I used to think smart phones were great

Until the moment that they were everywhere.

You see, I am a child of technology. That is, technology shaped me. By the age of 13, I was surfing on the web and chatting with strangers. I found it easy to communicate on the Internet back in 1998, preferring that to whispering vocal words to people right next to me.

When new technology (as long as there was no cost), I would hop on it. I joined every social network I could.

Then the smart phone. You see, I had one of the early smart phones. A windows CE phone before the iPhone changed the landscape and how information was distributed. In the month that I had it…I was suddenly taken in by the ease of communicating…and the absorption that I found myself in the screen.

I hated what I had become in the mornings, turning over and reading my email right away.

I swore off smart phones quite immediately after that, claiming cost. I didn’t get a smart phone again (of my own that is) until 2010. And I found myself tapping, scrolling, swiping. As if I couldn’t get enough information. I wanted more. I always wanted more.

But now, I am at my brink. Even though I work in the industry (freelance, that is), I don’t want to be enslaved. I want to talk to people. I want people to see me in the eye. I want people to stop capturing the moment. I want people to stop trying to validate themselves. I blame the phone for this easy validation.

I want the phone to put aside. Because you know, this way, we have to face our own fears.

I wish that every place had a box like this.
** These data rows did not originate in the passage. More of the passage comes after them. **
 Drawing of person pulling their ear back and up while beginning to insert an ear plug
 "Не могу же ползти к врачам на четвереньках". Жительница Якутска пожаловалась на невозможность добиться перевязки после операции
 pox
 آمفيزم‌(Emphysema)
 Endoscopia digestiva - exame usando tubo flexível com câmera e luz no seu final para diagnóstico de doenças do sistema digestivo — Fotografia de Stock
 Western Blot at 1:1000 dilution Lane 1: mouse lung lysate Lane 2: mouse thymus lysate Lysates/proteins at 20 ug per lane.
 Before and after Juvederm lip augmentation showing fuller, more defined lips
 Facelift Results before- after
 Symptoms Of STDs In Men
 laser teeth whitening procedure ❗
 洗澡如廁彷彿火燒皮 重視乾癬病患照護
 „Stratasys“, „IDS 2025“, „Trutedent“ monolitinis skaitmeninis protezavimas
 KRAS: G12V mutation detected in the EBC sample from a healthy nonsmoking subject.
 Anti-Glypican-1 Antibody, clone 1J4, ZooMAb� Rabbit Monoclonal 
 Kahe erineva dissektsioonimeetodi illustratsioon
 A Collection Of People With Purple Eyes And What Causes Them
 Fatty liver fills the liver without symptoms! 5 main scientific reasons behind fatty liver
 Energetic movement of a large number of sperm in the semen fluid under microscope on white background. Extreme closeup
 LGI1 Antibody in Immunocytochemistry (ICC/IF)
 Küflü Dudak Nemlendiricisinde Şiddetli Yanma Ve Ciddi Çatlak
1 thought on “I used to think smart phones were great

  1. I definitely relate. I scorn seeing everyone on their phones in public places, especially at nicer dinner places, and especially when it’s obvious it’s a couple on (what used to be called) a date. Yet I feel the same endorphin cravings for more hits of interesting tweets. Augh. It’s a nightmare. I think smartphones have killed the ability of most people to sit still and contemplate or metathink.